GIVEN INFORMATION
##########

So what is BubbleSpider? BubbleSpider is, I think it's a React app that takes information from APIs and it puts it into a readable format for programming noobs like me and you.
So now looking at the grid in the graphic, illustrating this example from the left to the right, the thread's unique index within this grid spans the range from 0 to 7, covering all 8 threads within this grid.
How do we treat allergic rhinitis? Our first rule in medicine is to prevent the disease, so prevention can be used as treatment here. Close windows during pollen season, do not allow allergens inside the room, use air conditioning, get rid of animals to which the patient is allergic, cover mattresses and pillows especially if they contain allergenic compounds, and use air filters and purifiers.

##########

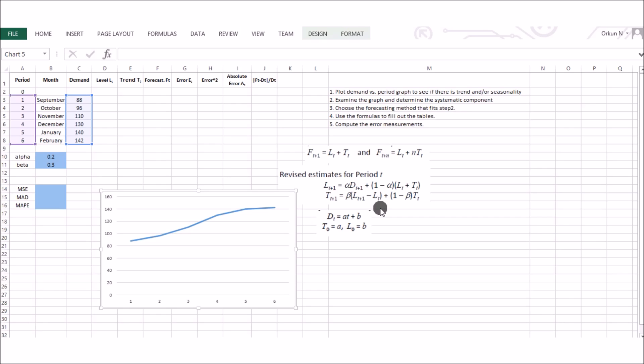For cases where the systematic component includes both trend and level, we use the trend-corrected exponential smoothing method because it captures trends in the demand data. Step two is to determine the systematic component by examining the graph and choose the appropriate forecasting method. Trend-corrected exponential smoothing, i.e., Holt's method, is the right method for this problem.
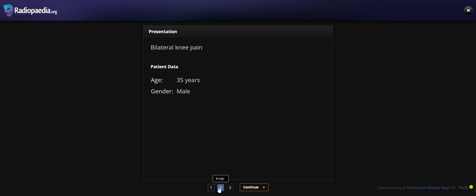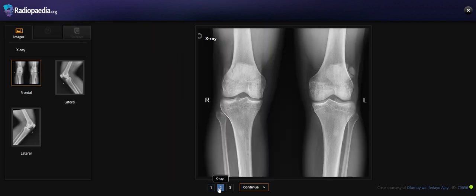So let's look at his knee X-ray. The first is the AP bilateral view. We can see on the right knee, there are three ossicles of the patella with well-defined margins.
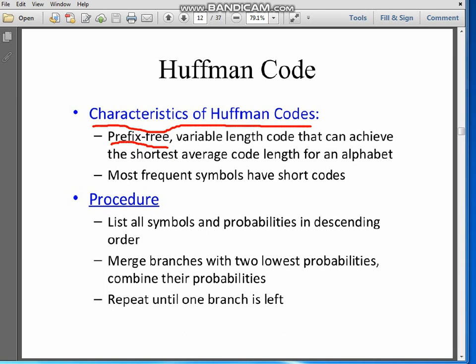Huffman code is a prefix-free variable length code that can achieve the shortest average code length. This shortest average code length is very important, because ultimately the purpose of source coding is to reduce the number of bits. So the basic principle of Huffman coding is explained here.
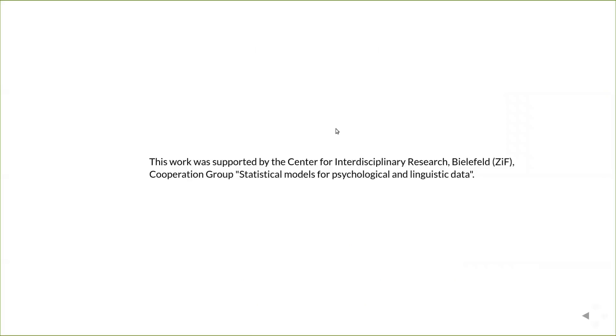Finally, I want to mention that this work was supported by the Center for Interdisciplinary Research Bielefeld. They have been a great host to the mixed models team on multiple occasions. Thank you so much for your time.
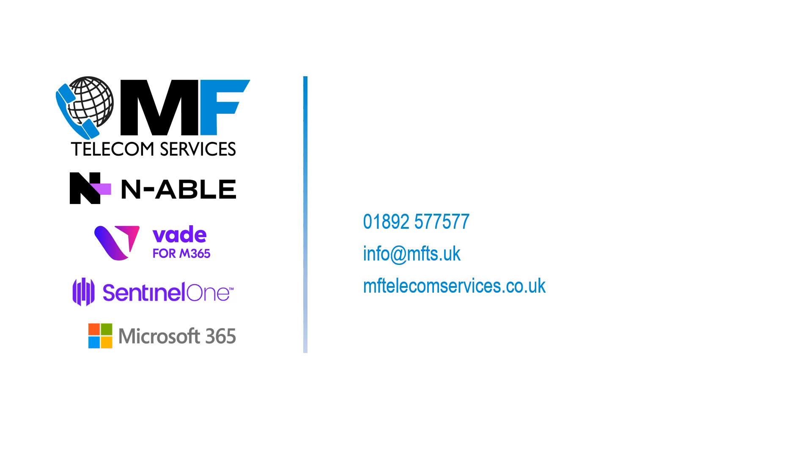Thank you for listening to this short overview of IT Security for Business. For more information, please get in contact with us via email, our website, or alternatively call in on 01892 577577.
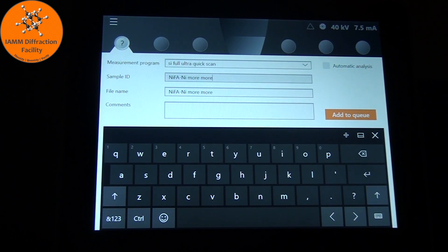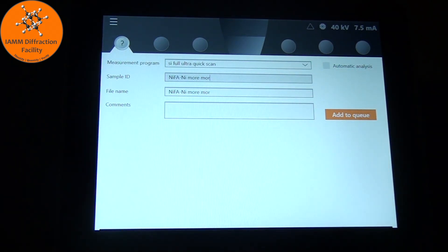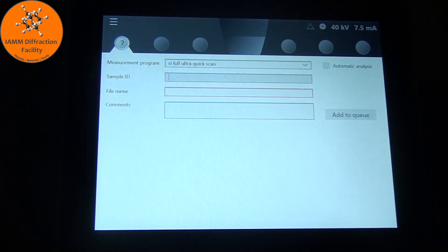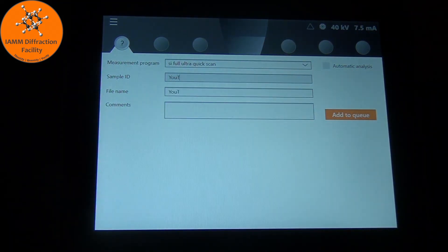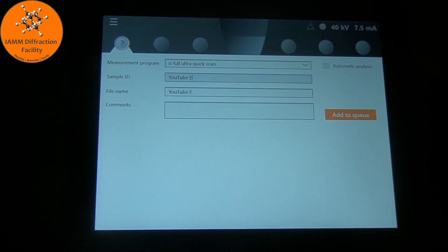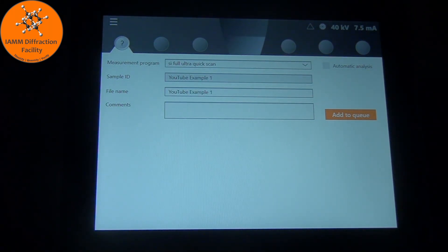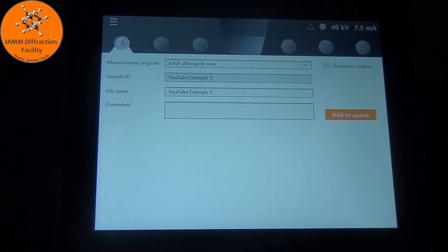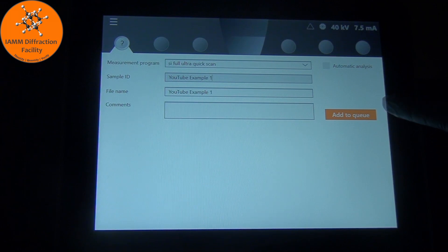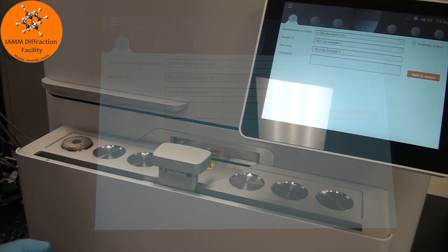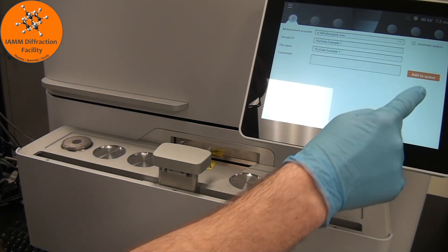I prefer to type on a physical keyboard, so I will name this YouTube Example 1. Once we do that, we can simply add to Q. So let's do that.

##########

EXERCISE AIM
Everything above from the line containing "Thank you for" through the line containing "I prefer to" must be repeated exactly, and the pictures must be left out.

REPLY
Thank you for listening to this short overview of IT Security for Business. For more information, please get in contact with us via email, our website, or alternatively call in on 01892 577577.
I prefer to type on a physical keyboard, so I will name this YouTube Example 1. Once we do that, we can simply add to Q. So let's do that.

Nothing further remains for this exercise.